▶ [What needs to be done]
Nothing below is to be printed except the lines between the line holding "The Net Worth" and the line holding "TOEICで対策する５つの分野", inclusive, each exactly as it appears.

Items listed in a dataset

Content starts

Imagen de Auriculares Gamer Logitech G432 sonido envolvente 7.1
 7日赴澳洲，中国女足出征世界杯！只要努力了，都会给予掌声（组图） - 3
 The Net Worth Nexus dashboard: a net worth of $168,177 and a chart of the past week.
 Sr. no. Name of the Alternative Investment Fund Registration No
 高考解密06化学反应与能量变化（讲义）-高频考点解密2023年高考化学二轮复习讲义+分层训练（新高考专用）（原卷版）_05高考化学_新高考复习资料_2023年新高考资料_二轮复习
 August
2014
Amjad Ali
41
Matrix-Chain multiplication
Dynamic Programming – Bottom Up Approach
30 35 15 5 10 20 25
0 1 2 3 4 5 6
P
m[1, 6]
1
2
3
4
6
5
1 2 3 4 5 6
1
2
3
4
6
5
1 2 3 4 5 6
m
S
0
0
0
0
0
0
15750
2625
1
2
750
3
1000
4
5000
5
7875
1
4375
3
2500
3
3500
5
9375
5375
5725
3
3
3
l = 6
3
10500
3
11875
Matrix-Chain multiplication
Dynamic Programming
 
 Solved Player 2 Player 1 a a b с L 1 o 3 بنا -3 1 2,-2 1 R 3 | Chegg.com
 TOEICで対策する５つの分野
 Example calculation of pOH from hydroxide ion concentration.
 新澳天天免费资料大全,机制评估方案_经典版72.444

Content ends

▶ [Result]
 The Net Worth Nexus dashboard: a net worth of $168,177 and a chart of the past week.
 Sr. no. Name of the Alternative Investment Fund Registration No
 高考解密06化学反应与能量变化（讲义）-高频考点解密2023年高考化学二轮复习讲义+分层训练（新高考专用）（原卷版）_05高考化学_新高考复习资料_2023年新高考资料_二轮复习
 August
2014
Amjad Ali
41
Matrix-Chain multiplication
Dynamic Programming – Bottom Up Approach
30 35 15 5 10 20 25
0 1 2 3 4 5 6
P
m[1, 6]
1
2
3
4
6
5
1 2 3 4 5 6
1
2
3
4
6
5
1 2 3 4 5 6
m
S
0
0
0
0
0
0
15750
2625
1
2
750
3
1000
4
5000
5
7875
1
4375
3
2500
3
3500
5
9375
5375
5725
3
3
3
l = 6
3
10500
3
11875
Matrix-Chain multiplication
Dynamic Programming
 
 Solved Player 2 Player 1 a a b с L 1 o 3 بنا -3 1 2,-2 1 R 3 | Chegg.com
 TOEICで対策する５つの分野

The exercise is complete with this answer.